As flawed human beings in general we tend to latch onto the negative and forget the positive. In relationships this is where we notice all that he is doing wrong and downplay if not completely ignore all that he is doing right. This, in a very real way, tricks us into thinking the negative far outweighs the positive and we start to think that things in our relationship are worse than they are because we have convinced ourselves he is worse than he is. “He never buys me anything nice!” “He always ignores me when I need him most!” “Why does he always do that annoying thing when he knows I don’t like it?!” and so on and so on. When we get caught up in this way of thinking not only does our view of our men change but our treatment of them until they begin to take notice.

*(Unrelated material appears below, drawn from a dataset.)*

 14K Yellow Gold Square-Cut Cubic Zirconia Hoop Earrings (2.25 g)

The Shrew rears her ugly head here (feeling justified in doing so because he is failing her, or so she has convinced herself) and our men are left feeling emotionally and mentally beaten from all the berating and overall poor treatment from us in our “righteous indignation” for perceived injustices. So they retreat. And why shouldn’t they? Who would want to continue to be around someone that only sees the negative in them and chooses to pick them apart for it at every turn while neglecting to acknowledge the good they do, the good they are?
Of course I am describing a severe case but make no mistake any relationship is capable of getting to this point and all
relationships are in need of a lot more positivity.

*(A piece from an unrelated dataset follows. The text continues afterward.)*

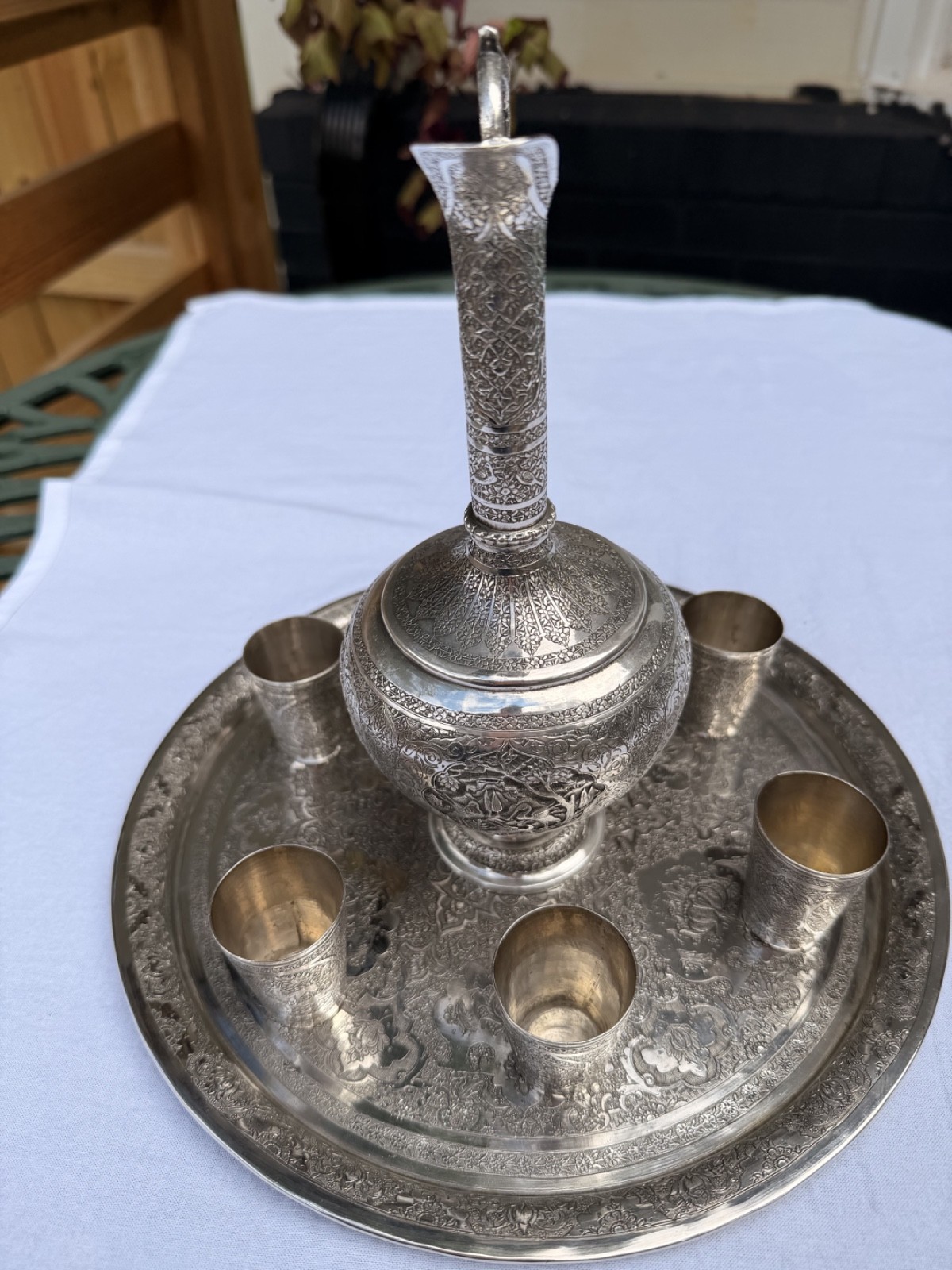 Antique Hand Carved Etched Bronze/Silver  Ewer/Platter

I am guilty of this. I am guilty of talking myself into being angry and disappointed by giving the negative more importance than its due. So I have issued myself a challenge: I am creating a gratitude journal for my husband. I will set it on his nightstand and everyday will write at least two things I am grateful for about him or that he did each day so that when he goes to bed at night he can flip to my latest entry and read what I have said about him. This will serve us in two ways: 1) I will be forced to view the positive instead of solely obsessing over the negative and 2) he will see how much I love and appreciate him and why every night. The “and why” is the important part here. Hopefully our men are made aware of how much we love and appreciate them everyday regardless of a gratitude journal but often we fail to articulate the why. In this I will have the opportunity to on a daily basis.
It doesn’t have to be elaborate or take more than a few moments but it should be descriptive and non-repetitive. It would be all too easy to fall into the trap of writing every night “the hard work you do and how you play with the kids” but then it loses all meaning for the both of you. Think about it throughout the day. Not in a forced way but in through observation of his actions and your feelings. This is very much like a never ending love letter to your husband. List things that he does and parts of who he is “watching you laugh with our daughter while you watched the game” “when I caught you watching me from across the room with all that love in your eyes” “knowing I had a bad day you brought me home that diet coke as a treat” “the way your arms feel wrapped around me in the middle of the night- warm and safe”… No need for questions, poetry, or novellas, just simple statements of gratitude.
At the time of this posting I have already started in my new little ritual. I hope you’ll join me!